Moreover, Kamino occupies a leading position in various asset categories in the Solana ecosystem, including PYUSD and the recent cbBTC. 88% of the cbBTC on the Solana chain has been deposited into Kamino.

In August last year, Kamino launched the PYUSD incentive plan, which successfully attracted $180 million in PYUSD inflows. As the demand for PYUSD lending grew, these inflows eventually translated into a source of income for the protocol.

Related Reading: "With an Annualized Rate of Over 10%, Why Does PayPal's Stablecoin Offer Such High Returns on Kamino Finance?"

Likewise, for stablecoins, Kamino recently launched a USDT-related incentive program. For example, USDT lending was introduced in the JLP Market and Main Market, and the Yield Booster Market also launched a USDT JLP Multiply section, with a yield of nearly 90%. It is well known that Solana has always been USDC's stronghold, but now the largest borrowing protocol on Solana has started incentivizing USDT, which can be seen as a positive signal.

Leverage Strategy Boosts Returns with "Multiplication"

If you have idle USDT, a low-risk way to participate is to provide USDT in Kamino's lending market. Currently, the APY for USDT in the Main Market and JLP Market is 6% and 5%, respectively. However, you can also choose to deposit USDT into Kamino's flagship Multiply module, where the highest APY can reach 90%.

Compared to conventional lending products, Multiply combines liquidity staking, flash loans, and lending protocols to provide a leverage strategy that further amplifies returns. Users can collateralize some assets, and the protocol automatically borrows more assets to reinvest in the liquidity pool, using a capital-efficient loop to achieve returns several times higher than the principal. This process relies on K-Lend's two core mechanisms: eMode and flash loans.

USDT Savings offers a yield of over 90%. When is Kamino's next PYUSD snapshot?

For example, a user selects the leverage multiplier they wish to use and deposits assets such as SOL or JitoSOL. At the protocol level, Kamino automatically converts the user's deposited SOL into JitoSOL. To further enhance the user's capital efficiency, Kamino will also borrow SOL via flash loans.
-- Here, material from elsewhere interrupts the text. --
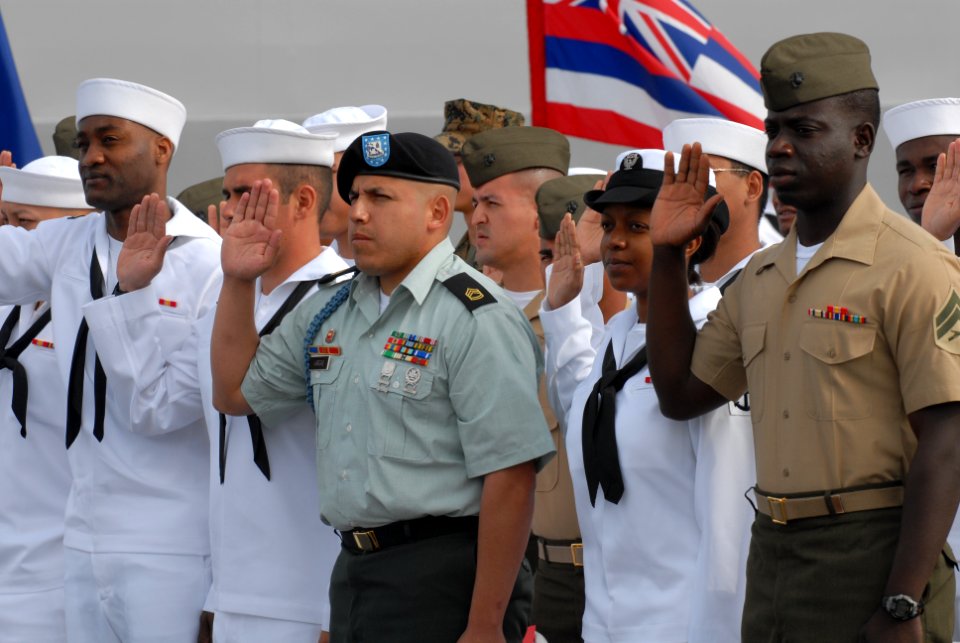 US Navy 070404-N-9909C-004 Sergeant 1st Class Jose Vargas, center, joined 58 Sailors and Marines in taking the oath of citizenship, administered by U.S. Federal District Judge, the Honorable Thomas J. Whelan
The borrowed SOL is converted into more JitoSOL, which is then deposited into Kamino's lending platform, K-Lend. Subsequently, Kamino borrows SOL from K-Lend to repay the earlier flash loan.
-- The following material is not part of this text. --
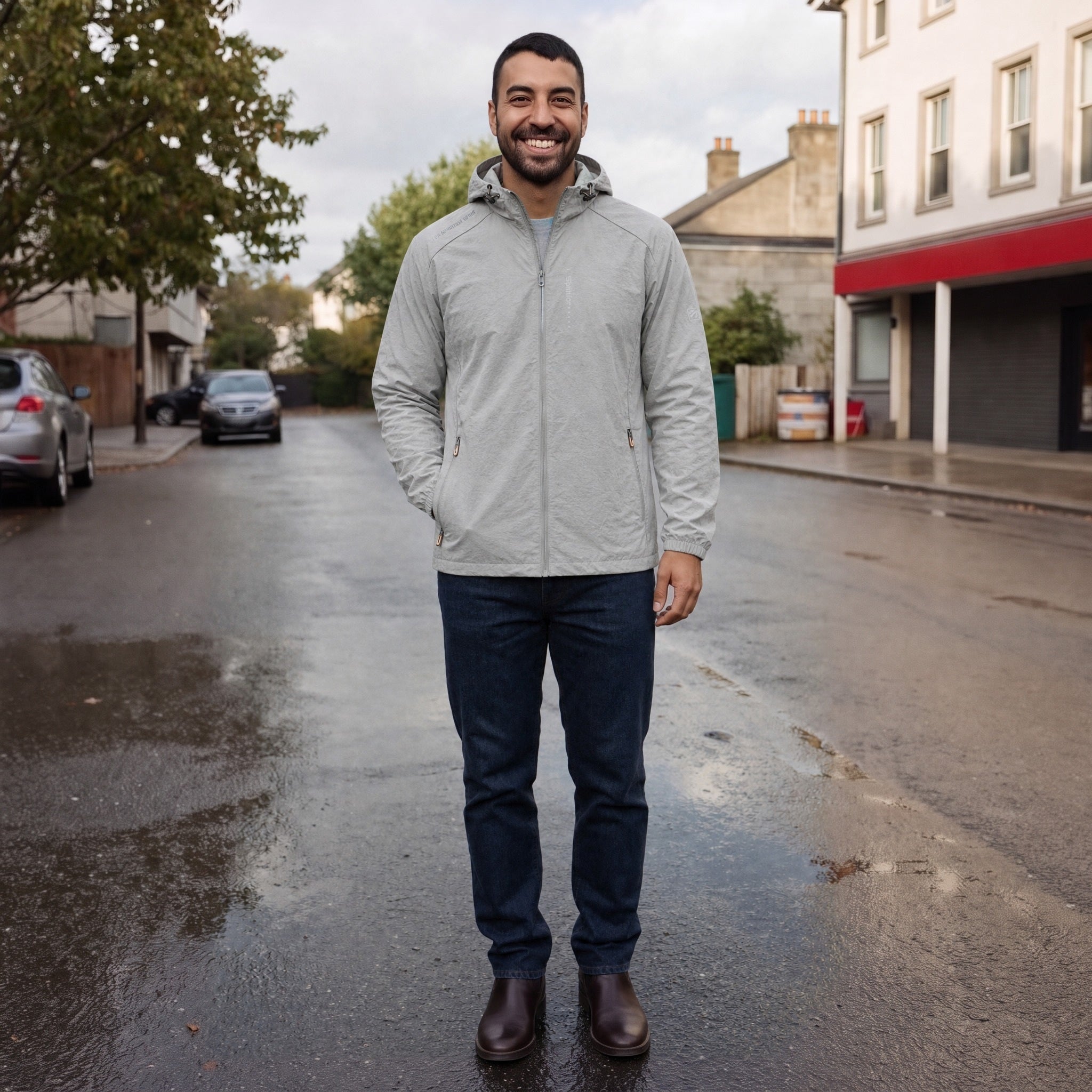 Man wearing gray hooded zip jacket with jeans on street | Chaps London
However, for the user, they only need to deposit assets and select the leverage multiplier. The end result is that the user holds a leveraged position, with the yield exposure amplified to the target multiplier. The returns and costs of this position are as follows:

Staking Yield: As JitoSOL serves as the liquidity staking token, it continuously generates SOL staking rewards at the JitoSOL staking APY.
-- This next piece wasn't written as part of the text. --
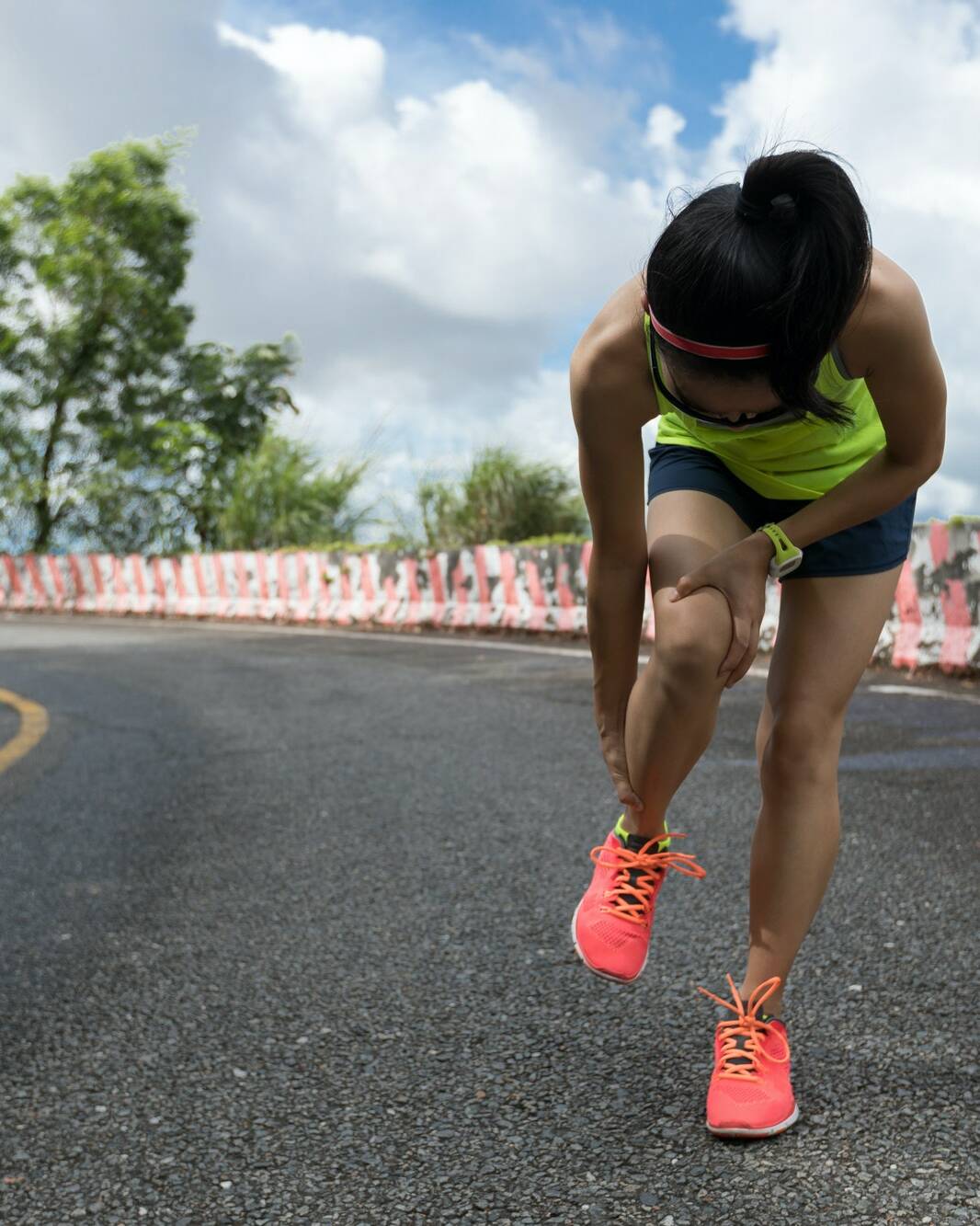 Woman runner suffering with pain on sports running knee injury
Lending Cost: Users need to pay the borrowing APY in SOL, which is the cost of using leverage.

Net Yield: As long as JitoSOL's staking APY is higher than SOL's borrowing APY, users can achieve a positive yield. For example, if JitoSOL's staking APY is 7%, and SOL's borrowing APY is 6%, then the user's net yield is 1%.

Currently, Kamino's Multiply product offers over a dozen options, but the highest-ranking in terms of maximum annual yield are all stablecoin-related JLP Multiply, with USDT's maximum APY exceeding 90%.

Ecosystem Depth + Automation: Sustainability Behind High Yield

The yield and sustainability of DeFi projects have always been a core concern for investors, but relying solely on short-term high returns to attract users is not sustainable. Especially in the current market environment, many platforms that rely on subsidies or platform token incentives may offer high short-term returns, but these returns are often unstable and difficult to sustain in the long term.

In contrast, Kamino demonstrates greater sustainability through its unique ecosystem depth and automated management mechanism.

Kamino does not rely solely on short-term yield incentives, but through deep involvement in the Solana ecosystem, it provides a more stable and long-term source of income. This model not only attracts more long-term investors but also brings more stable liquidity to the platform. By deeply integrating with mainstream protocols in the Solana ecosystem, such as Jupiter and Jito, Kamino achieves more efficient asset management and yield optimization.

For example, taking the JTO-JITOSOL Treasury as an example, starting from January 6, 75,000 JTO tokens are distributed through Kamino to depositors as incentives, and these rewards will be distributed in proportion to TVL just like other Kamino farms. For instance, if you hold 10% of the treasury in the next 30 days, you will receive a 10% JTO reward.

In addition, users depositing in the treasury can also receive MET points from the Solana ecosystem DEX Meteora and Warchest points from the Kyros staking protocol, in order to participate in airdrops from projects in the Solana ecosystem that have not yet conducted Token Generation Events (TGE).

Automation is another key feature of Kamino, in addition to the Multiply mentioned earlier, there is also automated liquidity treasury. This was the first product launched by Kamino in August 2022, which injects users' funds into the underlying DEX liquidity pool and optimizes returns through automation tools. Specifically, when a user deposits funds into the Kamino treasury, these funds are allocated to a DEX liquidity pool composed of two tokens. Whenever a trader uses this liquidity pool for token exchange, a certain fee is generated, and as a Kamino depositor, users can earn a share of these transaction fees.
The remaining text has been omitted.